感情の未確定と距離
感情は、ひとつに確定できるとは限らない。
距離は、拒絶とは限らない。
0. 理由を決めたくなる瞬間
泣いている。家を出た。距離を取った。
私たちは、理由を一つにしたくなる。
それが安心につながるからだ。
けれど感情は、そんなに単純ではない。
1. このテーマの結論
感情は未確定である。
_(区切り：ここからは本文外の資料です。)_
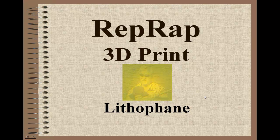Hello and welcome back. This is Greg French. Today we're going to talk about the ripwrap, 3D print, and lithopane.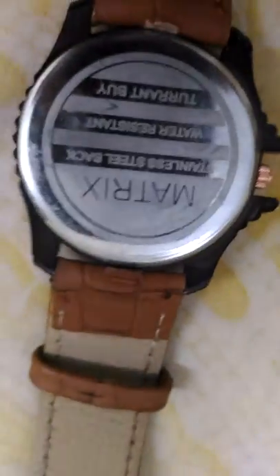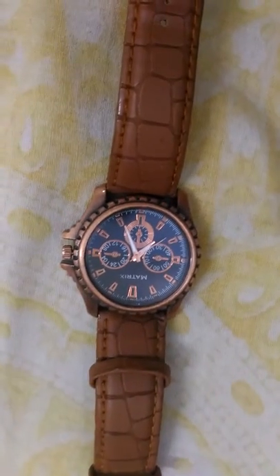On the back you can see it says Matrix stainless steel back, water resistant. And you can see on this side the design that the watch provides.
距離は、調整であることがある。
理由は混ざっていることがある。
そして離れる行動は、壊すためではなく整えるために生まれることがある。
2. 第8〜9話:感情爆発型を読む
第8話「わるくないのに」
思想章:理由が決まる前に、涙は出る
ズレの型:感情を“理由”で確定してしまう
大人の狙い:問題の原因を整理し、解決へ進める
子どもの内側:理由にならない感情があふれている
確定の速さ:「泣く理由」→「誰のせい」へ変換されやすい
第9話「ひとりにして」
思想章:距離は、拒絶ではない
ズレの型:距離を“拒絶”として受け取ってしまう
大人の狙い:関係を保ち、話し合いを続ける
子どもの内側:感情を整えるための距離が必要
確定の速さ:「距離」→「反抗」へ変換されやすい
3. 物語の中で、このテーマが映る場所
ケイイチロウは、理由を探そうとする。
だが、理由を急ぐほど感情は閉じる。
コーキは、揺れたまま立っている。
未確定のまま、隣にいることを選ぶ。
ルリは、距離があっても関係は切れていないことを知っている。
4. ひとつだけ残すヒント
理由を決める前に、揺れを認める。
「まだうまく言えない感じ?いまはそのままでいいよ」
感情を説明させるより、
未確定のまま隣にいるほうが先の場合がある。